■ MATERIAL PROVIDED:
************

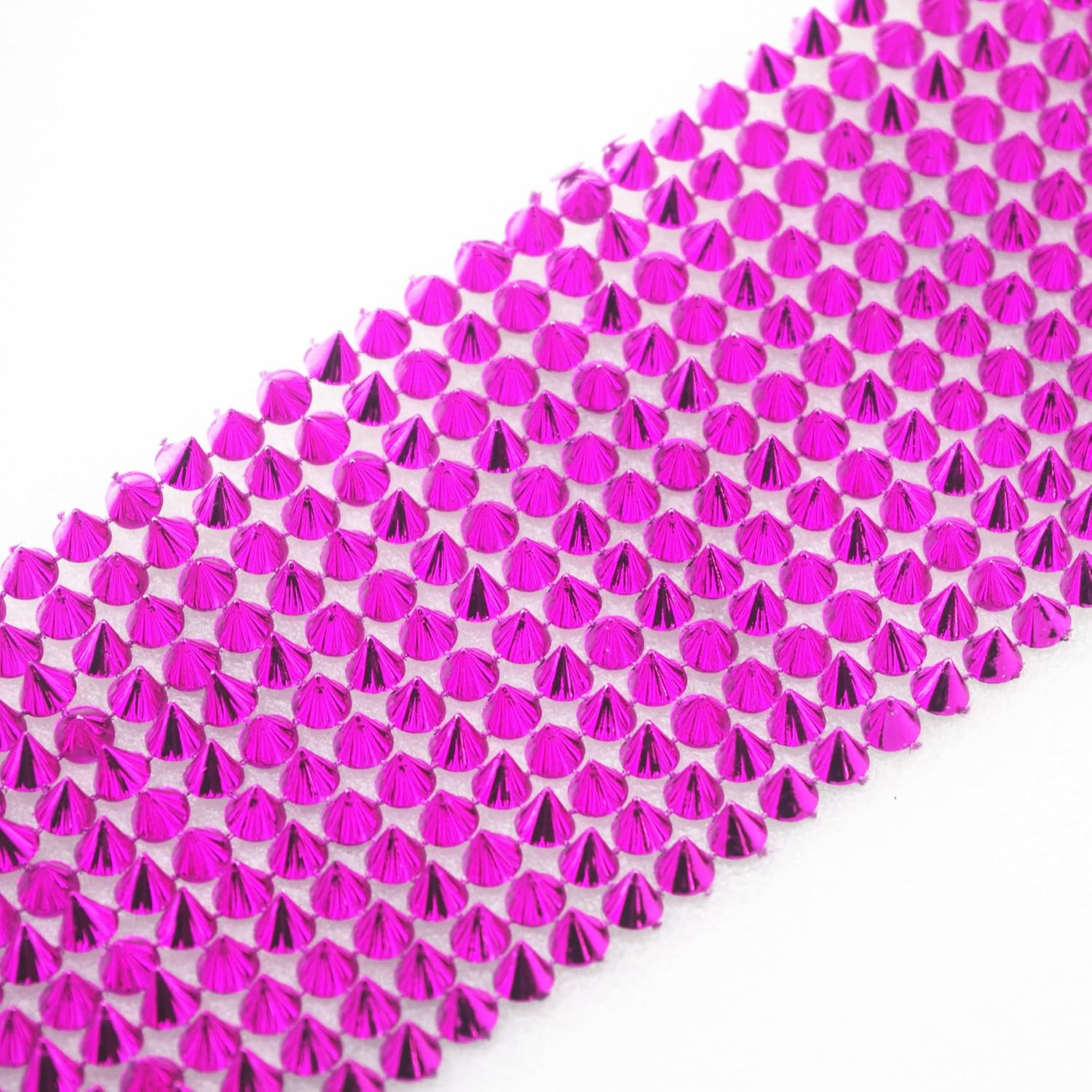 2/3 Yard Sew Stitch On Spike Stud Cone Flatback Punk Rock Trim Chain Mesh Bead Craft (Fuchsia)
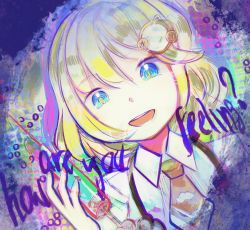 Rule 34 | 1girl, blonde hair, blue eyes, collared shirt, english text, hair ornament, highres, hololive, hololive english, looking at viewer, medium hair, necktie, open mouth, orange necktie, shirt, smile, solo, stalkeralker, syringe, virtual youtuber, watson amelia, white shirt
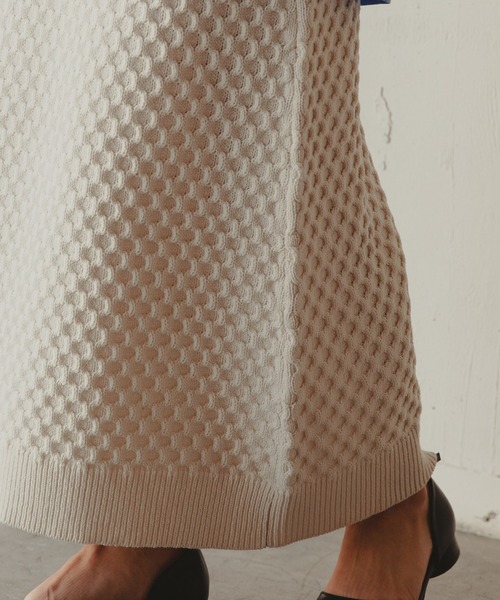 Kari & lili（カウリアンドリィリィ）の「柄編みニットスカート（スカート・レディース・ライトパープル/ダークブルー/ライトグレー/オフホワイト・FREE）」の12枚目の写真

************

■ REQUIRED WORK:
The listing above is to be set down word for word, without its images.

■ OUTPUT OF THE EXERCISE:
 2/3 Yard Sew Stitch On Spike Stud Cone Flatback Punk Rock Trim Chain Mesh Bead Craft (Fuchsia)
 Rule 34 | 1girl, blonde hair, blue eyes, collared shirt, english text, hair ornament, highres, hololive, hololive english, looking at viewer, medium hair, necktie, open mouth, orange necktie, shirt, smile, solo, stalkeralker, syringe, virtual youtuber, watson amelia, white shirt
 Kari & lili（カウリアンドリィリィ）の「柄編みニットスカート（スカート・レディース・ライトパープル/ダークブルー/ライトグレー/オフホワイト・FREE）」の12枚目の写真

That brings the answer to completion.